Many websites do this. Facebook resets your feed sorting preferences, as does LinkedIn (sort by Recent, then refresh the page, it will be Top again).

  • I used to have a cronjob to change them to what I want daily. Only worked for sites with an API, but was better than the user hostile "we know your preferences better than you" garbage.

> Are you saying that YouTube just alters your preferences?

My preferences change all the time, regardless of Youtube. For example, when I was a kid, I hated mustard.

On the other hand, my Youtube configuration may change independent of my actions.

not op, but have seen the same.

this is quite bad behaviour.

they should not sneakily change our preferences behind the backs. similarly, all notifications, advertisements, et cetera, should be opt in, not opt out.

many of these cos. do this sort of thing, of course.

they excuse it under the protect of company policy.

Google the ant letter as an example.

  • >they excuse it under the protect of company policy.

    sorry, pretext, not protect. an autocorrect error.

If you are not being sarcastic, yes, it happens all the time. Probably to maximize whatever metric they're measuring.

I'm fearing the day they'll just remove that toggle for good.
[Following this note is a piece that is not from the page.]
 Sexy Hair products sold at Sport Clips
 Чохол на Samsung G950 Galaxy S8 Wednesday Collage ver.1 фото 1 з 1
  • > I'm fearing the day they'll just remove that toggle for good.

    Don't. Nowadays we can just re-introduce it, at least all who read this. iOS, macOS, Windows, Android... All have browser extensions, all can be modified.

See also: Spotify's "repeat" functionality. I turn it off whenever I see it on, but somehow it's always back on within a few days.

In addition to what others said, they gaslight users by regularly resetting blocked accounts from recommendations. They also lose your play history after a while and start showing old videos you've watched as never been viewed.